Brian Hay mengatakan kita harus lebih serius untuk menanggapi beragam jenis kejahatan dunia maya. Sebab, semua orang yang menggunakan internet memiliki resiko terhadap kejahatan dunia maya. "Sama saja dengan saat kita mengendarai mobil, kita pasti memiliki resiko untuk mengalami kecelakaan," ujar Hay. "Masalahnya adalah bagaimana mengurangi resiko tersebut."
Namun sayangnya, Hay menambahkan bahwa hingga saat ini masih jarang pelatihan soal standar minimal keselamatan dalam berinternet. Perusahaan-perusahaan memiliki resiko yang paling tinggi soal kejahatan dunia maya, sayangnya Hay menilai pendekatan yang mereka lakukan masih bersifat teknis.
"Mereka hanya menggandalkan pada peranti-peranti lunak,... padahal yang terpenting adalah perilaku manusia, bagaimana mereka terlibat dalam menggunakan internet."

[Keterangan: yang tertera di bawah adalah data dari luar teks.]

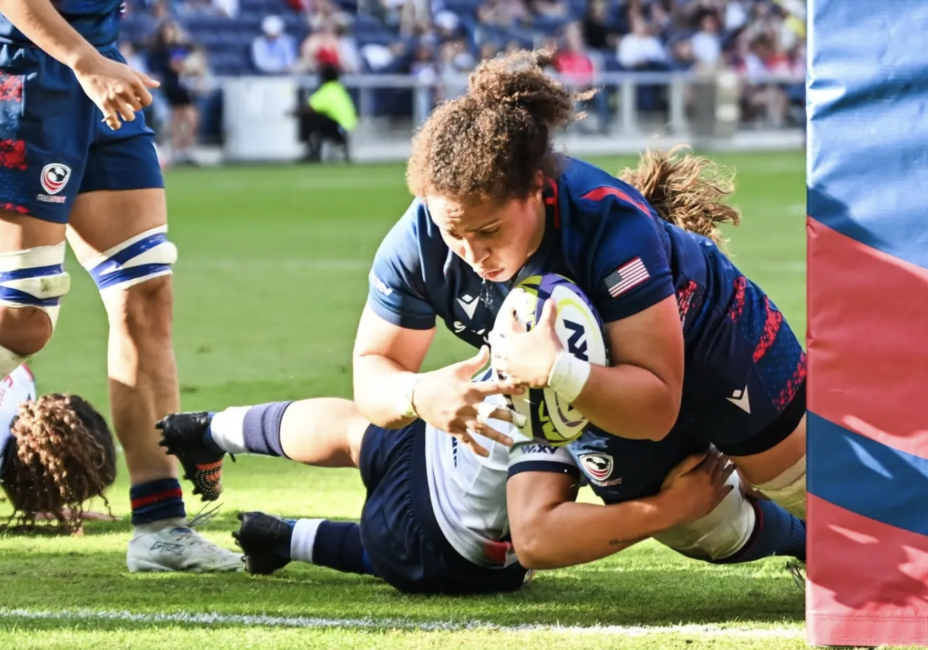 USA rugby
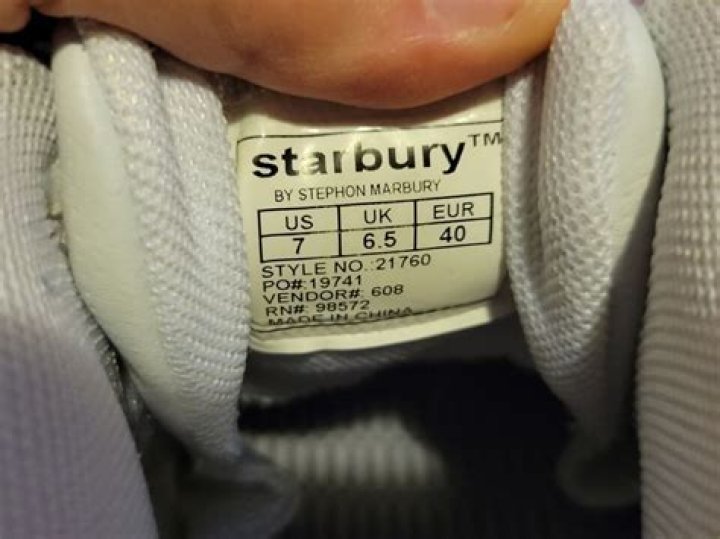 Who sold Starburys?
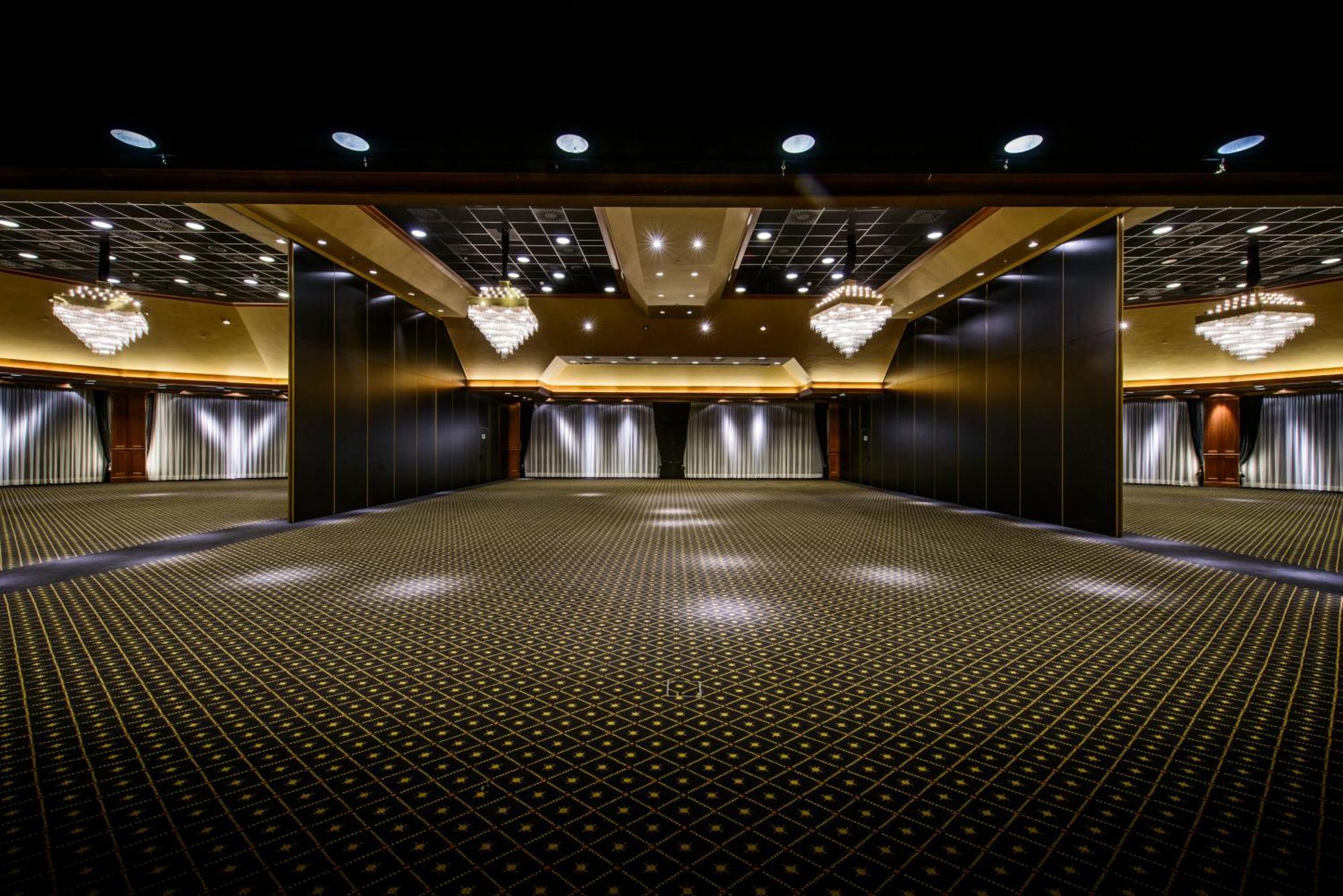 Grand Hotel Huis Ter Duin Noordwijk Eksteriør bilde The Grand Ballroom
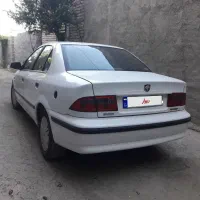 سمند EF7 دوگانه (فابریک کارخانه)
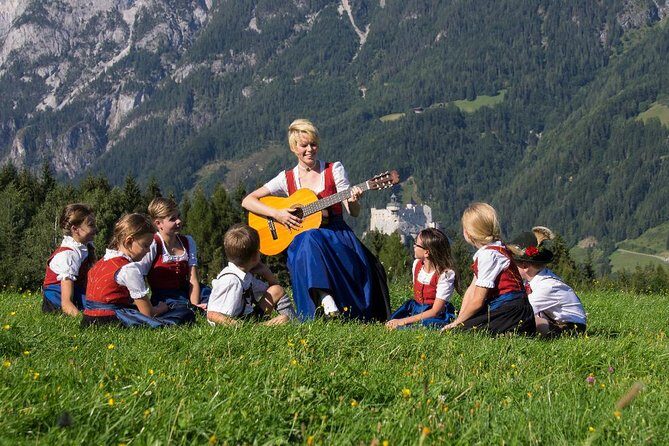 The Hills are Alive and Eagle's Nest - Private Tour from Salzburg - A Deep Dive into the Experience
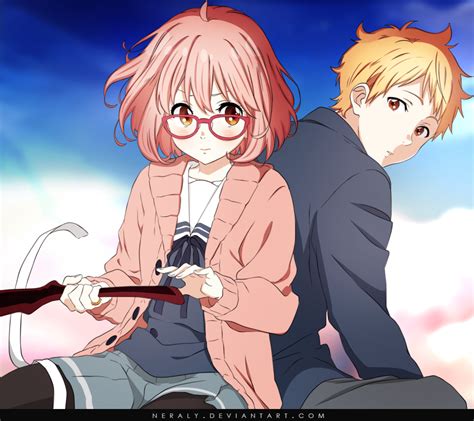 kyoukai no kanata hentai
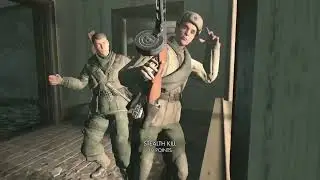 Sniper Elite V2 A Caçada Continua Episódio 4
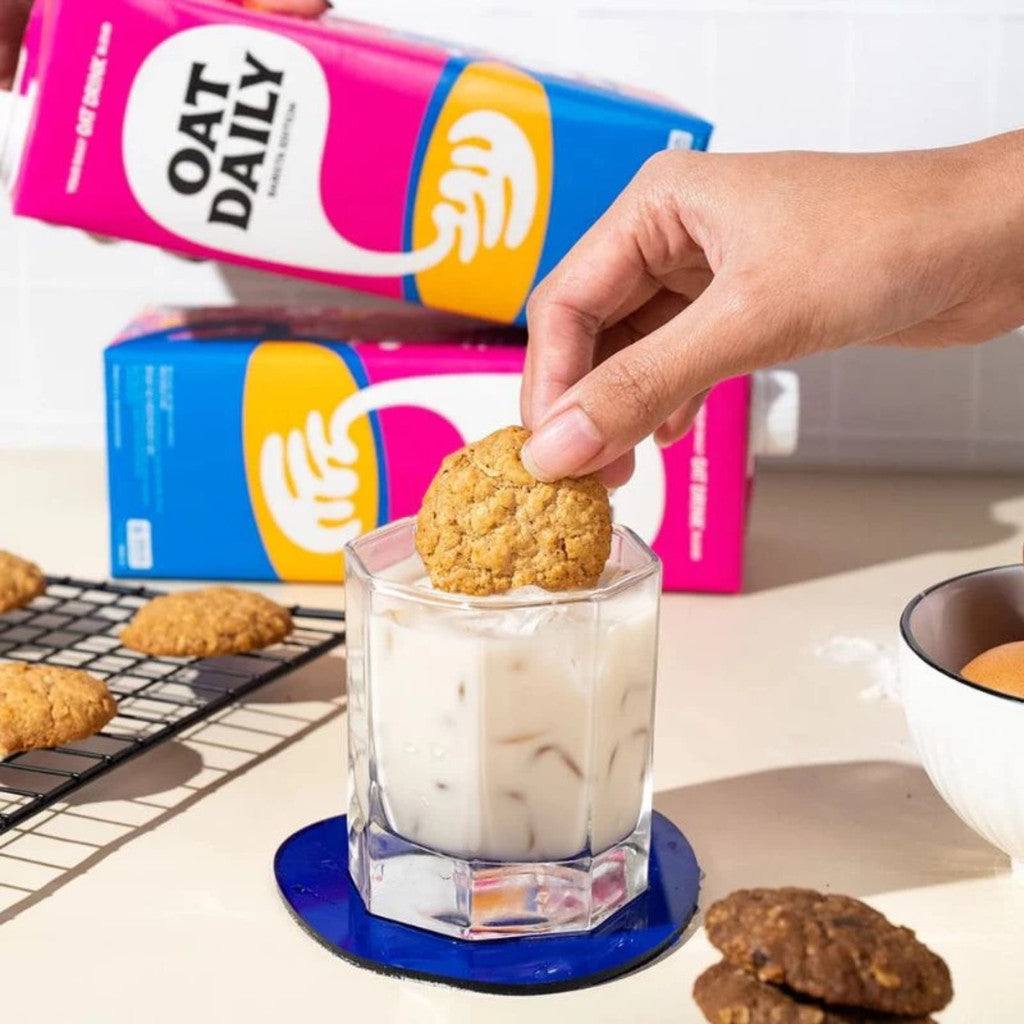 Oat Daily Barista Edition 1L x 3 pcs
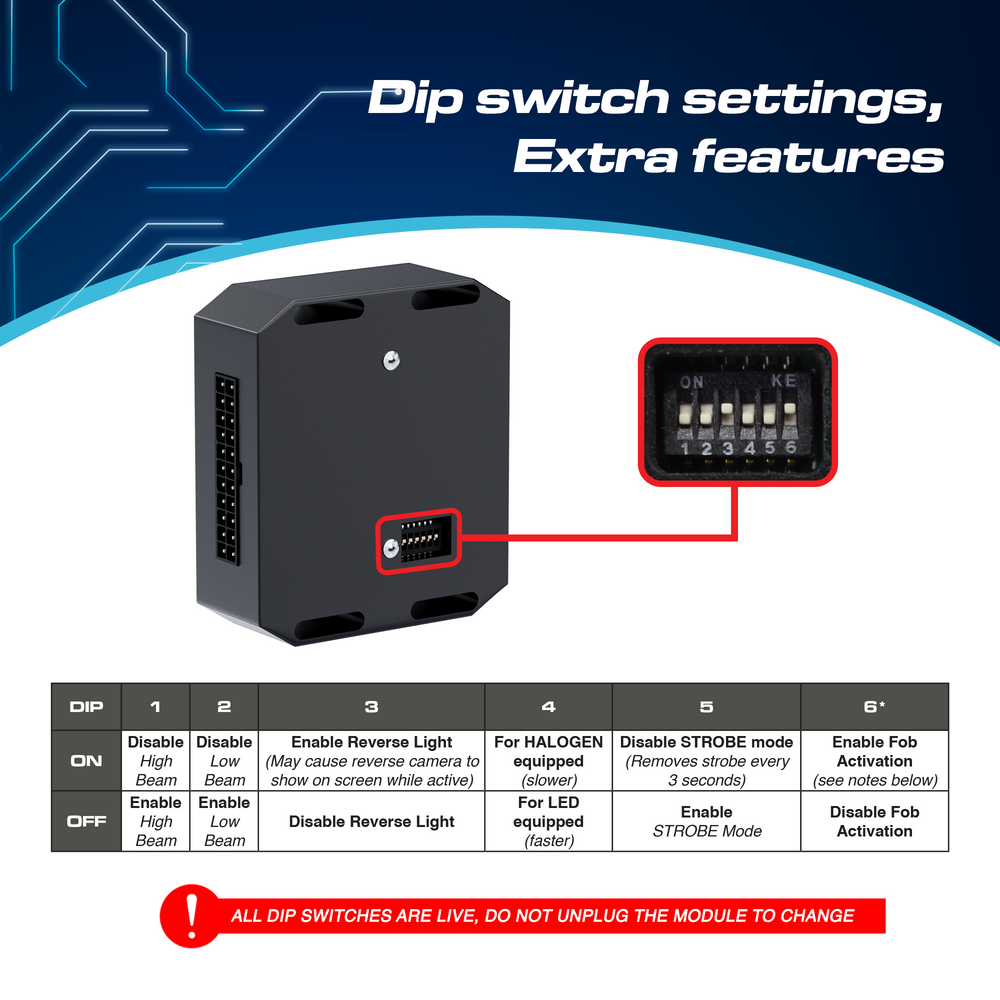 Z-Flash Module | Ultra Bright Lightz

Sebenarnya telah banyak berita-berita soal berbagai jenis kejahatan di dunia maya, tetapi belum cukup bagi pengguna internet untuk lebih waspada. "Tidak, tidak sama sekali [membuat orang lebih waspada]. Lewat simposium ini kami akan banyak mengajak warga dari berbagai komunitas, dengan melibatkan agen-agen keamanan, cyber security, penegak hukum, untuk sama-sama melihat kejahatan internet apa yang sedang berkembang," jelasnya.
"Tidak perlu menunggu pemerintah atau para penegak hukum untuk membuat strategi pencegahan yang proaktif, ... kita perlu melakukannya sekarang juga, kita harus membangun budaya berinternet yang aman," tegas Hay.
Trend kejahatan di dunia maya kali ini adalah pencurian identitas lewat kartu kredit. Sehingga uang bukan lagi menjadi target satu-satunya. "Ya, penjahat di dunia maya sekarang lebih mencari identitas orang. Karena mereka tahu mencuri identitas memiliki nilai 1.000 persen dari nilai uang yang ada di kartu kredit tersebut," ungkap Hay.
Dengan pencurian identitas ini, para penjahat bisa lebih leluasa untuk menyelaraskannya dengan sumber-sumber aset yang lain.